Dataset records:

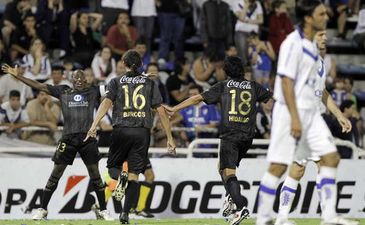 Реаско, Баркос и Идальго празднуют забитый мяч, фото Ole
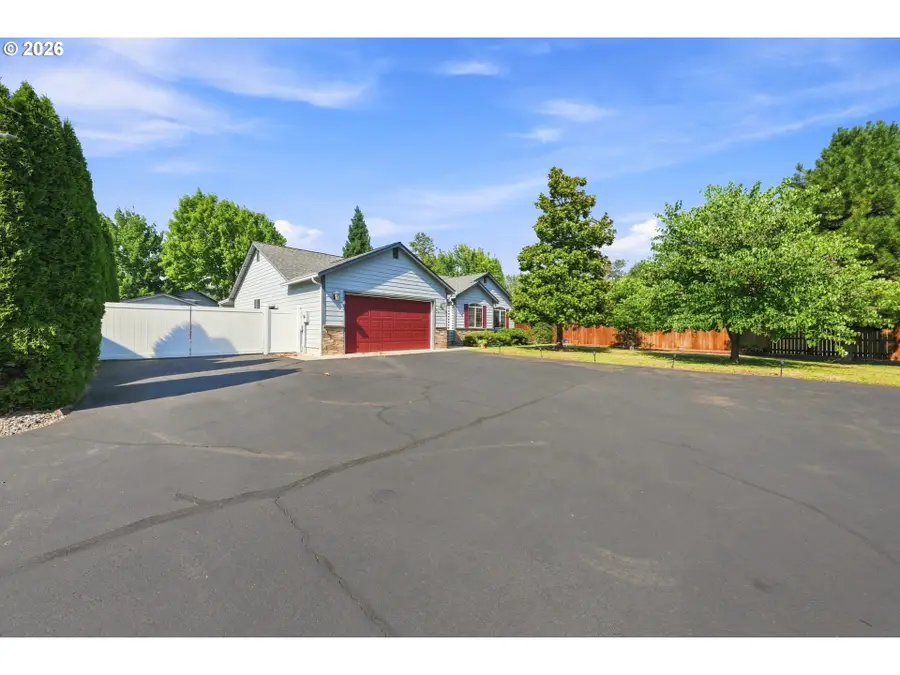 104 Kenya Ct, Winston, OR 97496 - #2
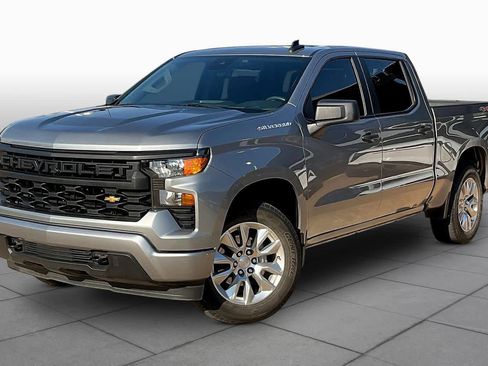 Used 2024 Chevrolet Silverado 1500 Custom image 3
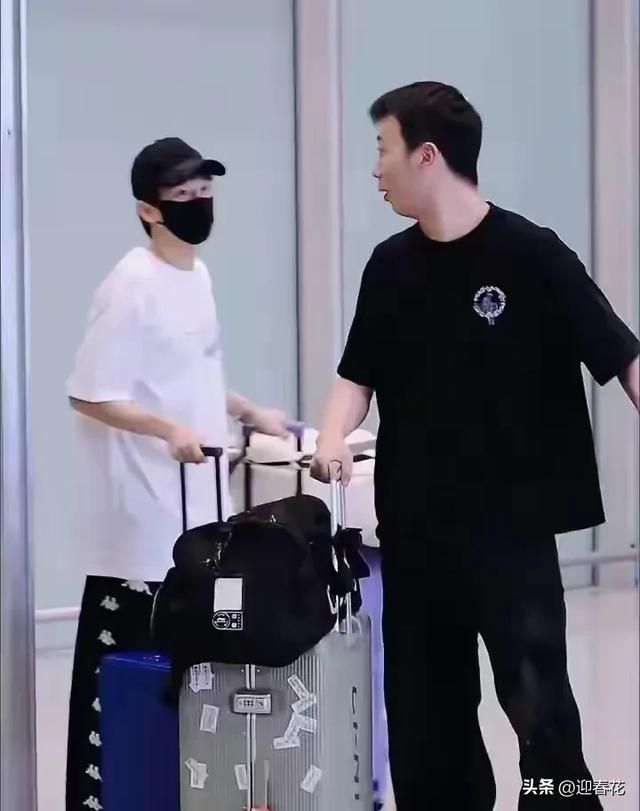 国乒回国抵达北京机场照，王曼昱被老奶奶包围，高远给小粉丝签名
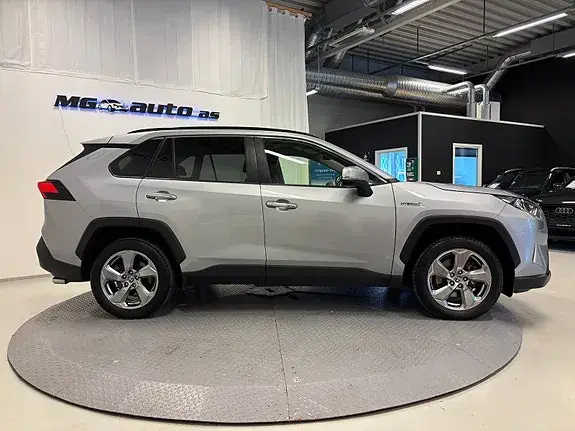 Toyota Rav4 2020 photo 3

PROBLEM DESCRIPTION:
A verbatim copy of the records above, without pictures, is required.

OUTPUT BELOW:
 Реаско, Баркос и Идальго празднуют забитый мяч, фото Ole
 104 Kenya Ct, Winston, OR 97496 - #2
 Used 2024 Chevrolet Silverado 1500 Custom image 3
 国乒回国抵达北京机场照，王曼昱被老奶奶包围，高远给小粉丝签名
 Toyota Rav4 2020 photo 3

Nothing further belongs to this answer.